NNN Researchers Collaborate on Thermal Characterization Technique for Nanoscale Devices

National Nanomanufacturing Network: The Nano Engineering Lab at the University of California-Berkeley is the faculty research laboratory of Prof. Arunava Majumdar of the Center for Scalable and Integrated Nanomanufacturing (SINAM). The lab is comprised of a range of multi-disciplinary researchers studying a variety of nanotructured materials for applications in thermoelectricity, solar conversion, enhanced phase change heat transfer, and chemical  and biological sensing.

In order to study thermal transport in low-dimensional materials, along with materials and devices for thermoelectric energy conversion, new instruments and techniques are required which can be used to identify the thermal conductivities of thin films, nanostructured materials, and solids. During the summer of 2008, Janice Hudgings, Associate Professor and Physics Department Chair at Mount Holyoke College, was a visiting researcher at the Nano Engineering Lab at UC-Berkeley/SINAM.

Prof. Hudgings, a member of the Center for Hierarchical Manufacturing (CHM) at the University of Massachusetts at Amherst, leads a group at Mount Holyoke College that studies the device physics of a range of semiconductor devices, including semiconductor lasers, amplifiers, and solar cells. The techniques developed by her group use spatially resolved thermal mapping on the nanoscale to probe the internal physics of working optoelectronic devices, quantifying gain and absorption parameters as well as identifying effects such as gain saturation and facet heating in lasers, absorbers, and semiconductor optical amplifiers. This research has resulted in a new characterization tool for nanomanufacturing systems in which large area materials characterization must be done with nanoscale resolution.

During her visit this past summer, Hudgings worked with researchers in the Nano Engineering Lab to develop a non-contact thermal characterization technique based on thermoreflectance, which can be used to identify the thermal conductivities of thin films, nanostructured materials, and solids.
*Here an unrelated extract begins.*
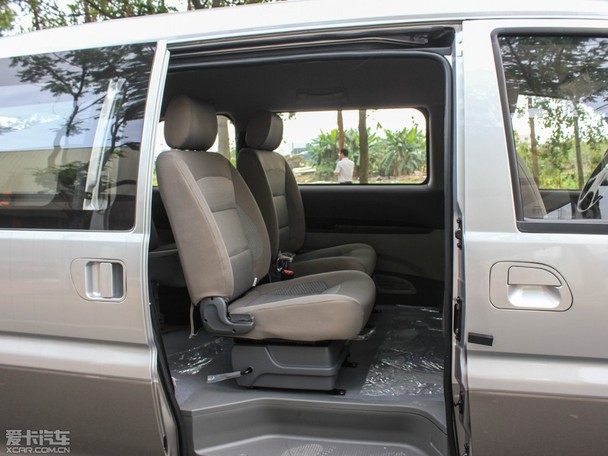 東風風行2015款菱智導購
In this research collaboration, Hudgings’ expertise in fiber optics and 3D thermography was critical to the success of the team. A paper describing the technique, fiber aligned 
thermal interrogation or FATI, is in preparation for the Review of Scientific Instruments. The Nano Engineering Lab at SINAM will be utilizing the technique to investigate the thermal properties of nanostructured thermoelectric materials, thermal interface materials, and thermal insulating materials. This complimentary collaboration successfully engaged expertise from separate NSF Nanoscale Science and Engineering Centers in order to provide an advanced capability.